ASSIGNMENT> Reproduce the listing below exactly, minus its pictures.

DATA BELOW>
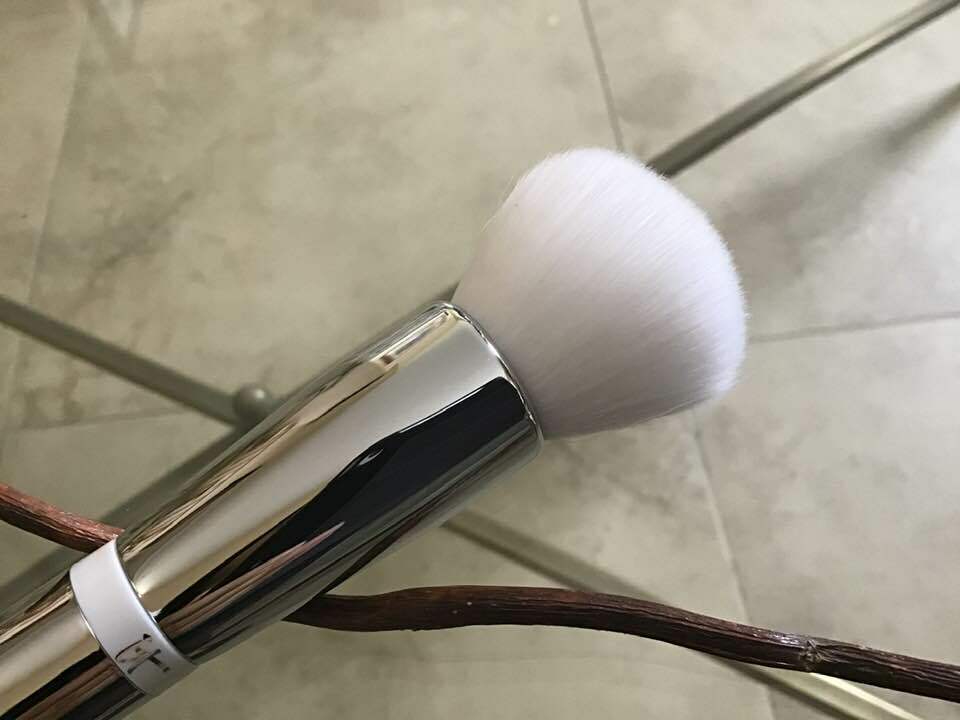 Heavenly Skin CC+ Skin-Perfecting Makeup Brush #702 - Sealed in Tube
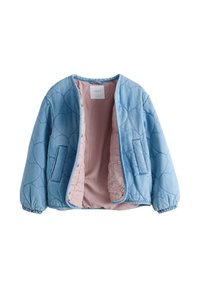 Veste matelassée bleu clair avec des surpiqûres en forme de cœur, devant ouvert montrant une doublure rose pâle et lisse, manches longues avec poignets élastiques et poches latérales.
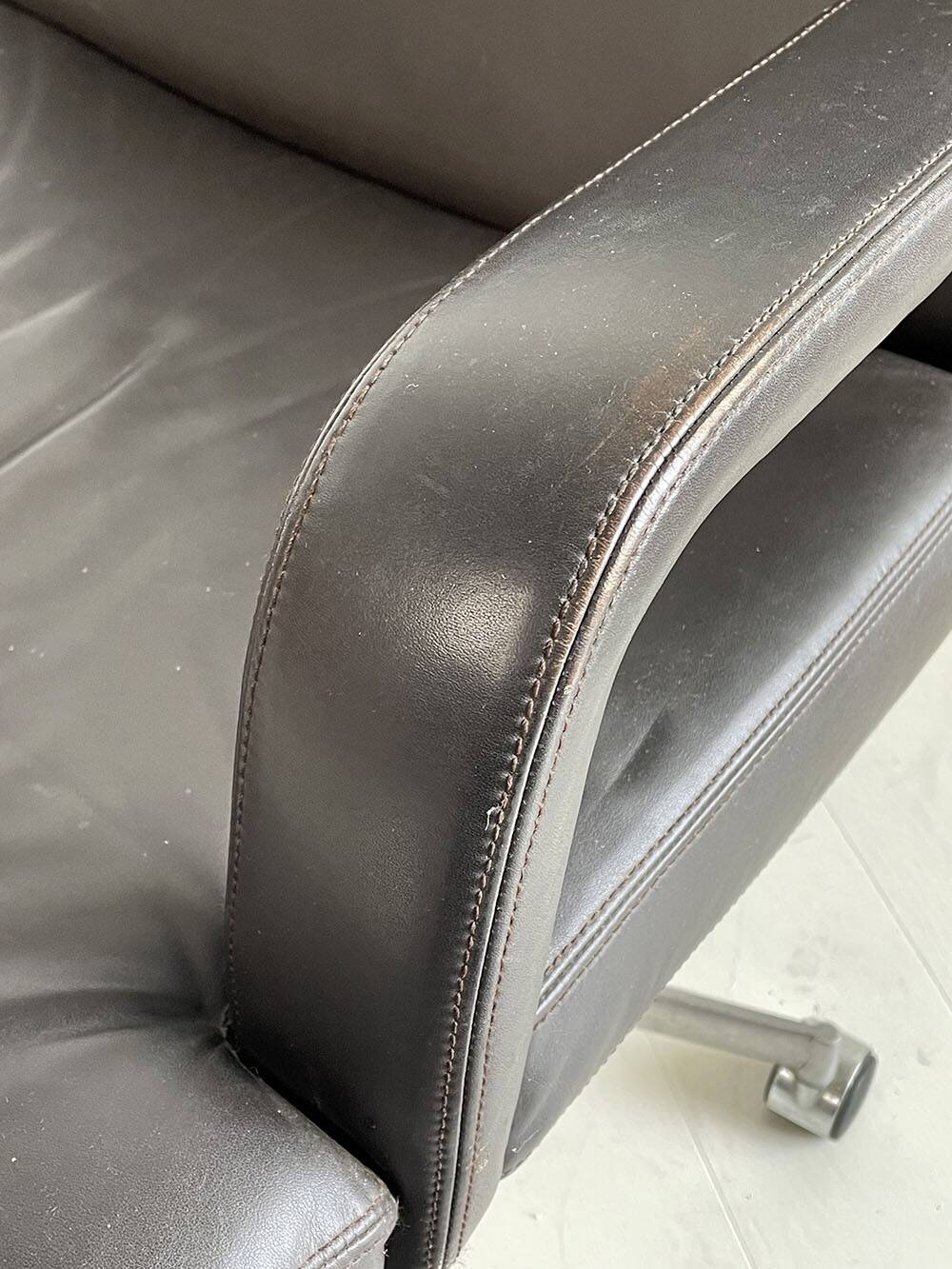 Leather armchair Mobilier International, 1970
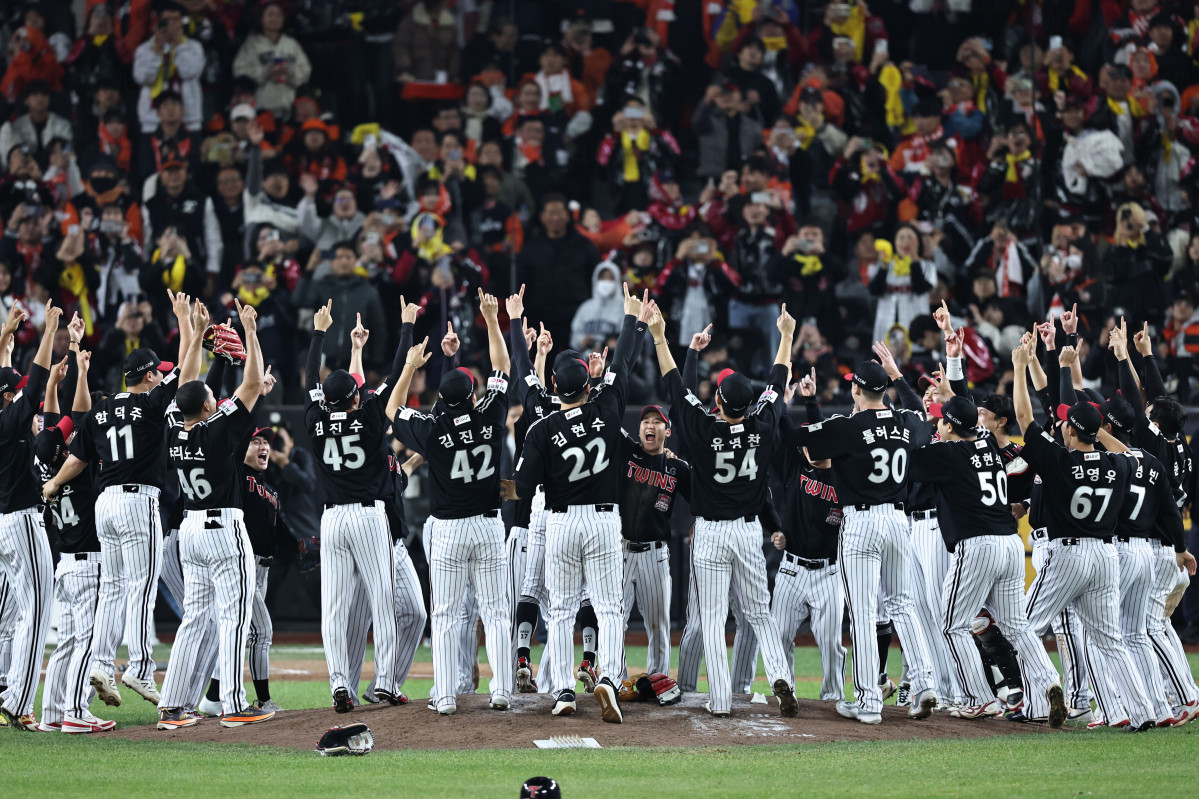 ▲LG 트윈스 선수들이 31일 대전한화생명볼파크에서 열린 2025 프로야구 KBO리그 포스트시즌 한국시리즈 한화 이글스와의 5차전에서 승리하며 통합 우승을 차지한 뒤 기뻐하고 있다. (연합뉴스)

SOLUTION>
 Heavenly Skin CC+ Skin-Perfecting Makeup Brush #702 - Sealed in Tube
 Veste matelassée bleu clair avec des surpiqûres en forme de cœur, devant ouvert montrant une doublure rose pâle et lisse, manches longues avec poignets élastiques et poches latérales.
 Leather armchair Mobilier International, 1970
 ▲LG 트윈스 선수들이 31일 대전한화생명볼파크에서 열린 2025 프로야구 KBO리그 포스트시즌 한국시리즈 한화 이글스와의 5차전에서 승리하며 통합 우승을 차지한 뒤 기뻐하고 있다. (연합뉴스)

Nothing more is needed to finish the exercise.